<<<<
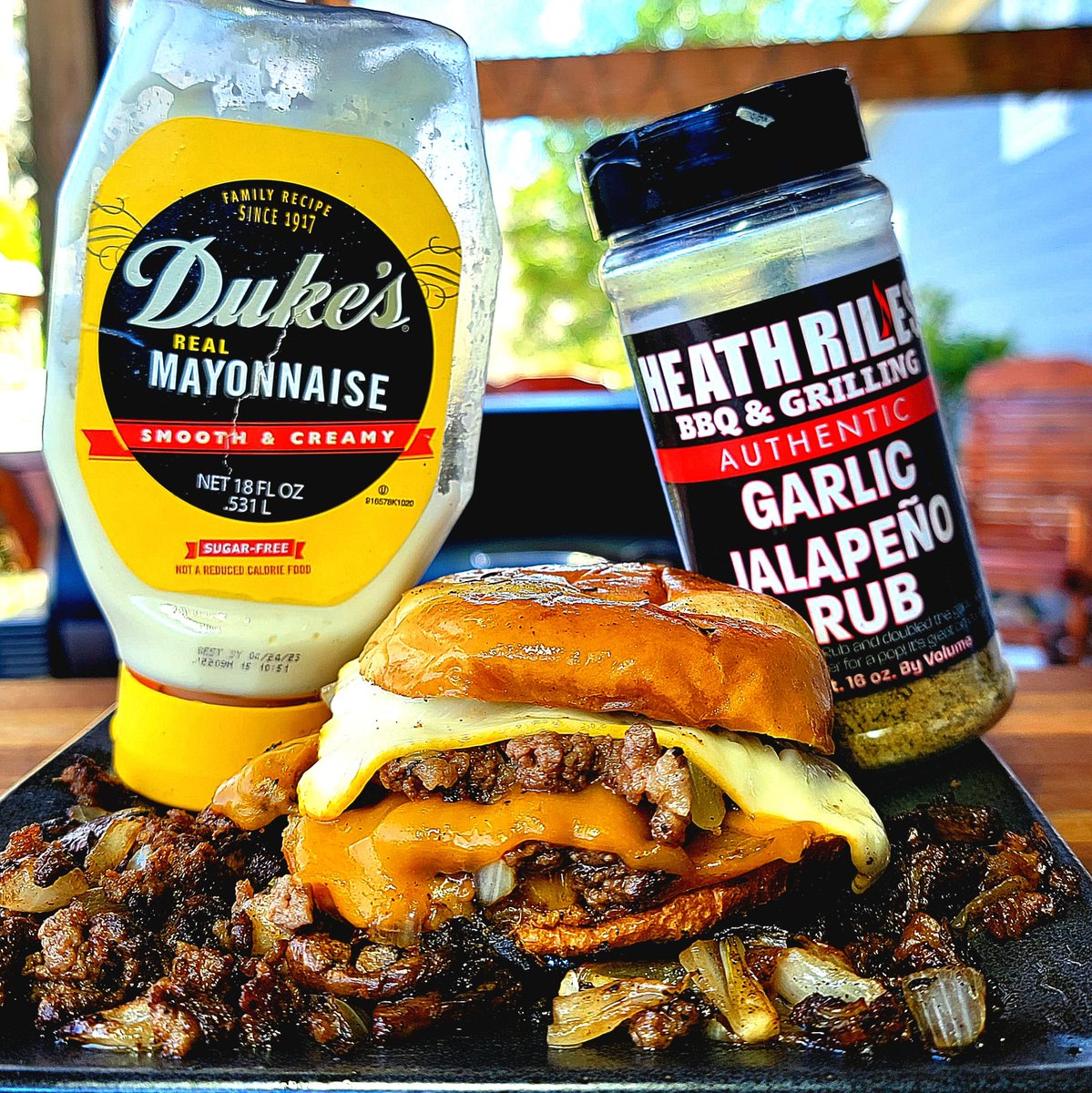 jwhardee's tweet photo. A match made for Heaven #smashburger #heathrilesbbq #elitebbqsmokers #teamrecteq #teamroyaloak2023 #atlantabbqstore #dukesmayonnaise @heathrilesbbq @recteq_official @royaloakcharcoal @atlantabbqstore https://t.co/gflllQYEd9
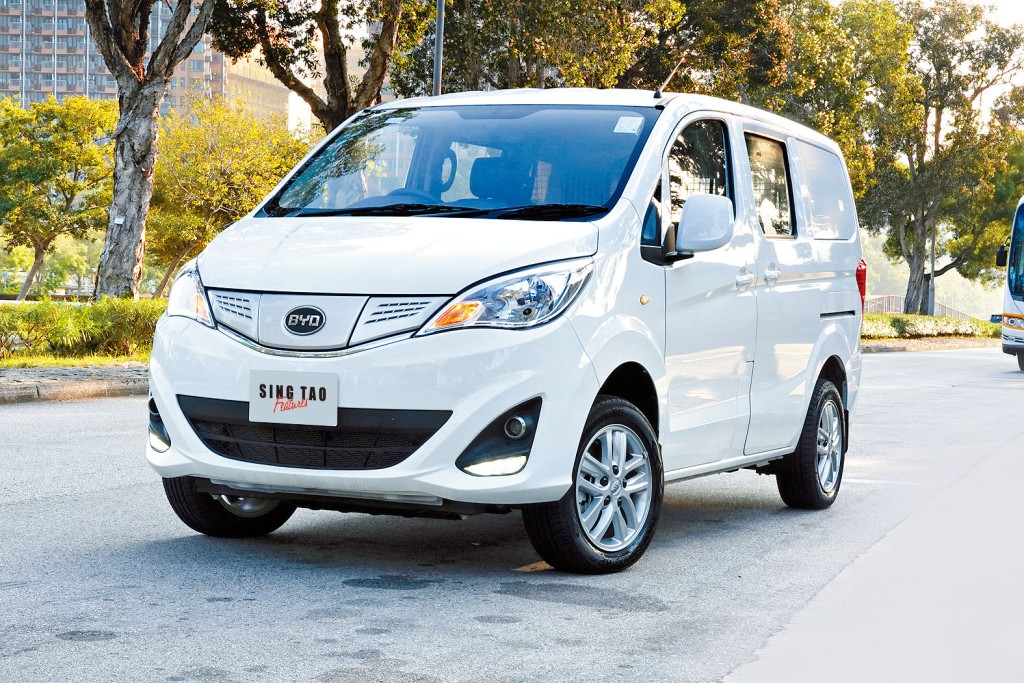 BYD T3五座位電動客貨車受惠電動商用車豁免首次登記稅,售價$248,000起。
>>>>
<<<<
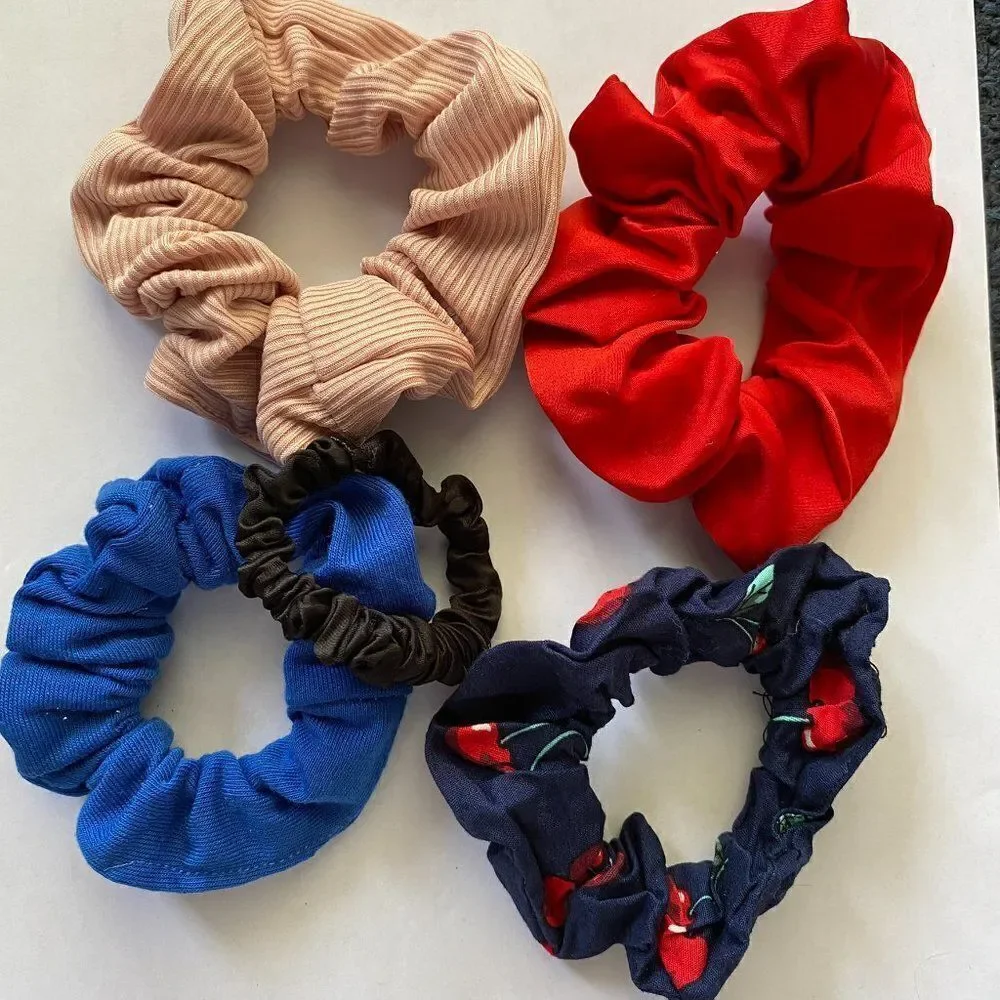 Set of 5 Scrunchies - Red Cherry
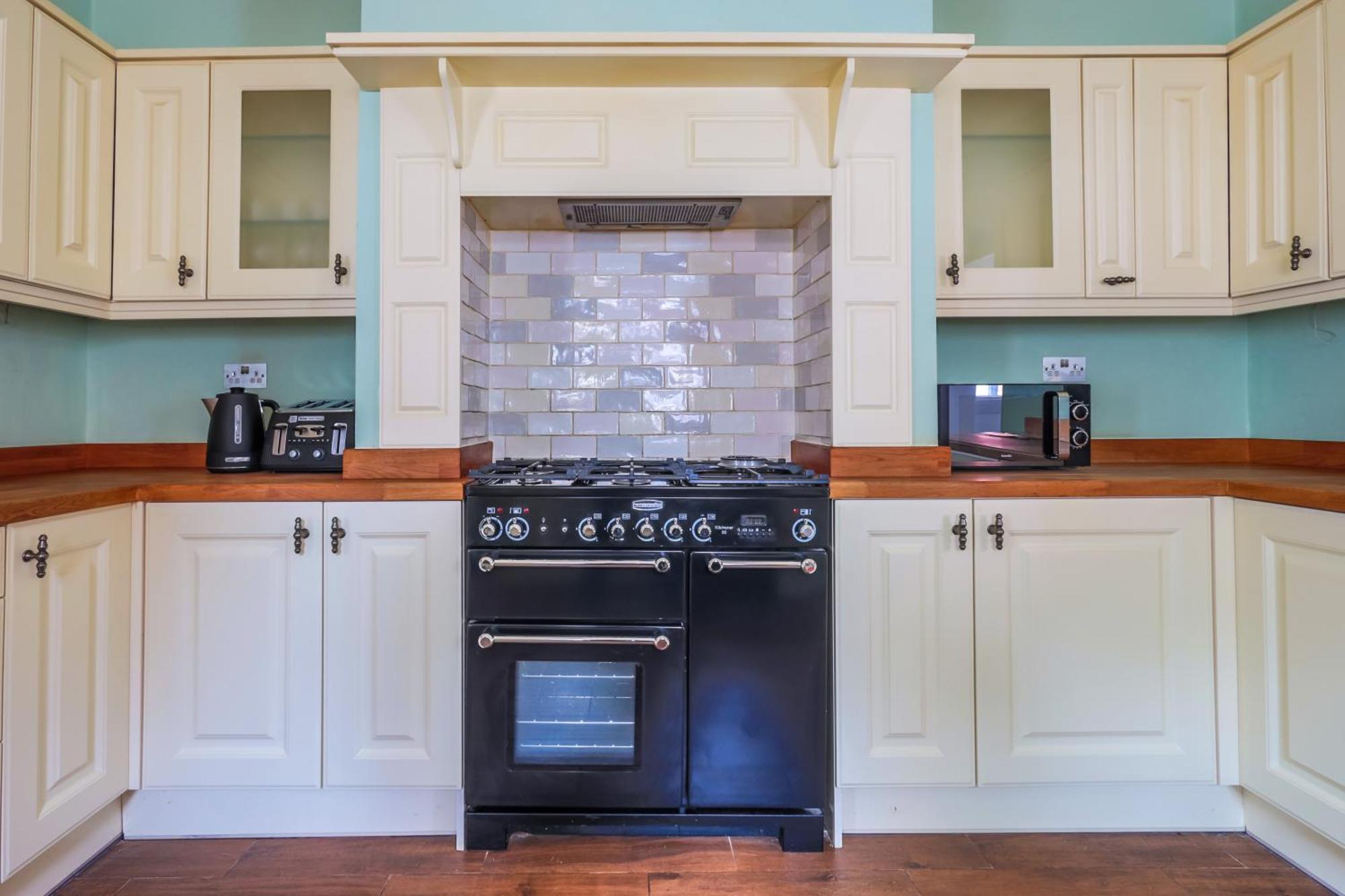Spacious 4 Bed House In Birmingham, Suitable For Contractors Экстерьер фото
>>>>
* **Requirement**
Within the listing above, print exactly the stretch beginning at the line that contains "Set of 5 Scrunchies - Red Cherry" and finishing at the line that contains "Spacious 4 Bed", ends kept, pictures left out, and nothing more.

* **Task answer**
 Set of 5 Scrunchies - Red Cherry
Spacious 4 Bed House In Birmingham, Suitable For Contractors Экстерьер фото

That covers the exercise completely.